> Task directions
Exactly the lines from the one with "Foto van De" through the final line of the entries, and nothing else, should appear in the answer; no pictures go in it.
:: Supplied material
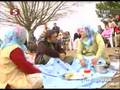Part 2 ADANA ÇEVRETEPE Katundi Shqip ne Turqi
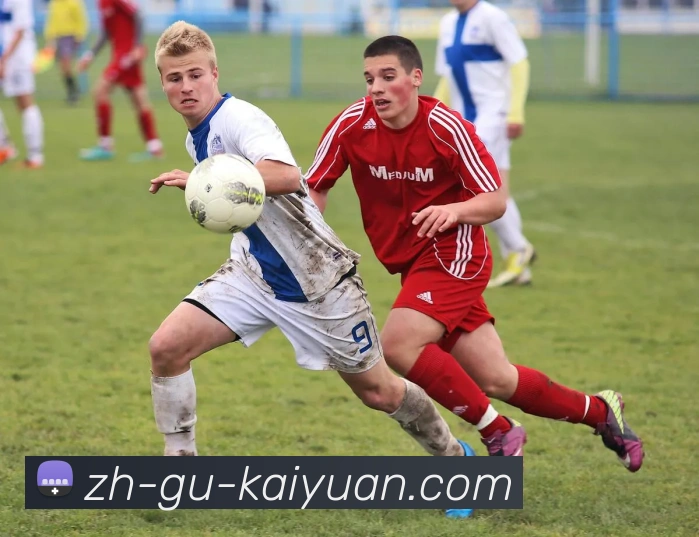 开元棋牌平台生态图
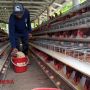Harga Daging Tak Stabil Akibat Kelebihan Stok, Pemerintah Serap Ayam Langsung dari Peternak
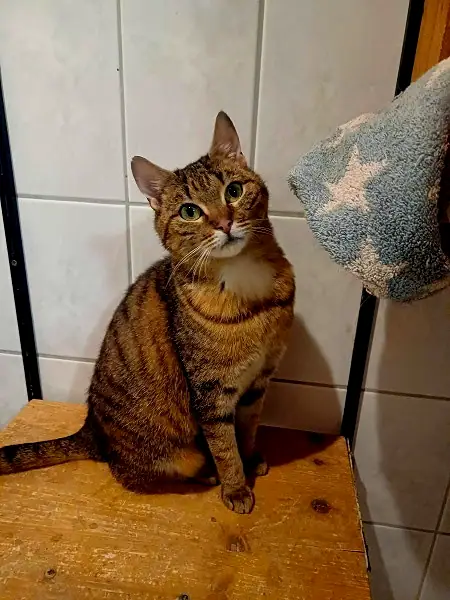Perla
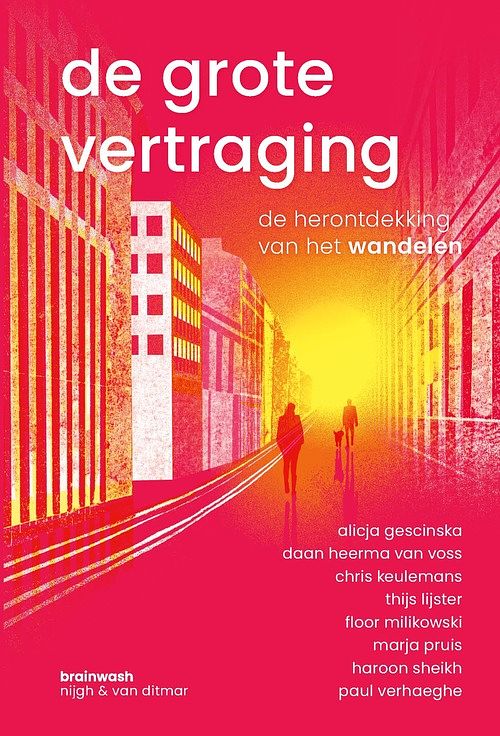 Foto van De grote vertraging - diverse auteurs - ebook (9789038810225)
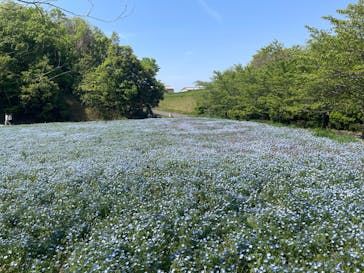 こうべアグリパークネモフィラの丘2025に投稿された画像（2025/4/27）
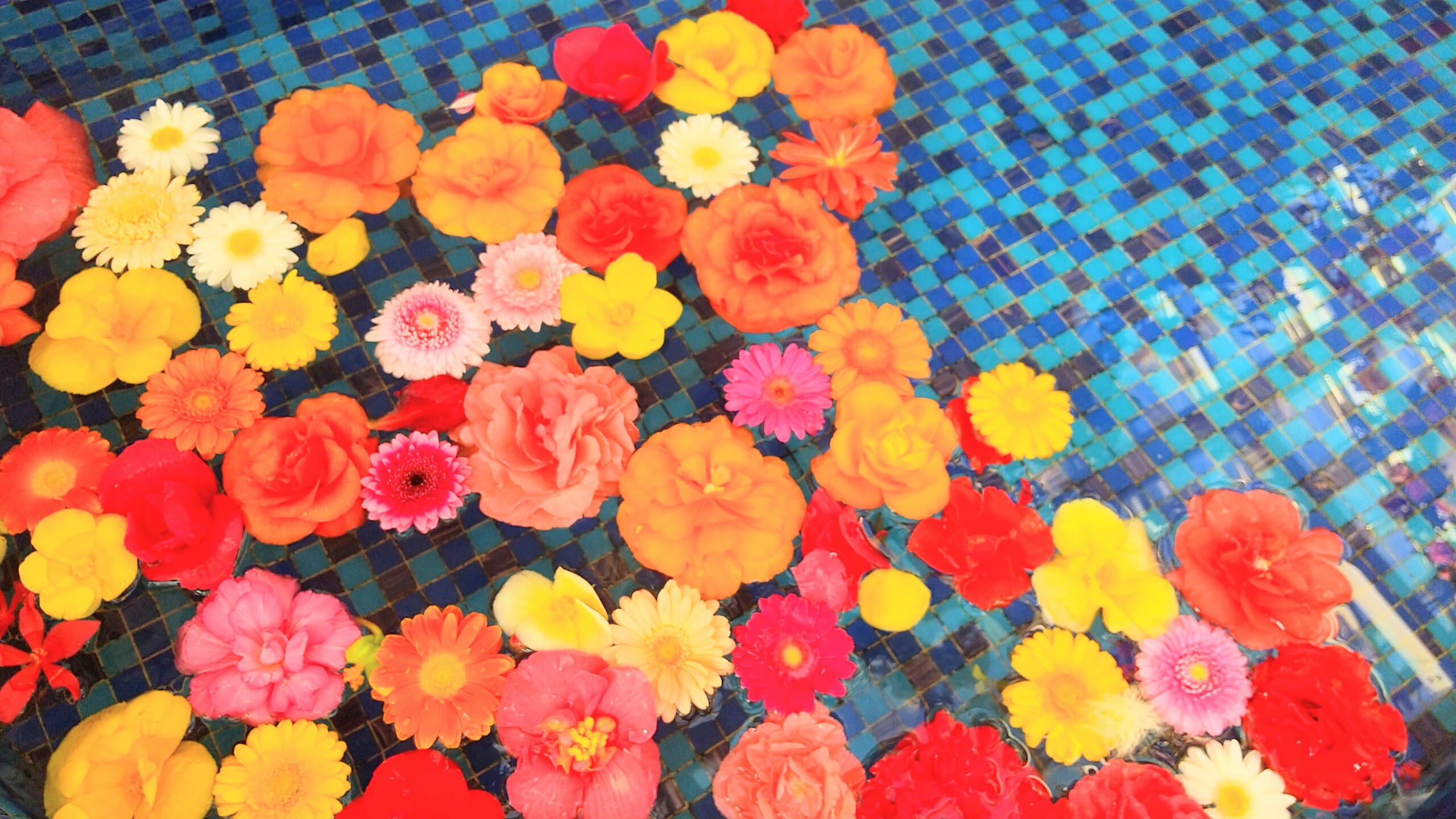 しあわせ社長.com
::::
> Written answer
 Foto van De grote vertraging - diverse auteurs - ebook (9789038810225)
 こうべアグリパークネモフィラの丘2025に投稿された画像（2025/4/27）
 しあわせ社長.com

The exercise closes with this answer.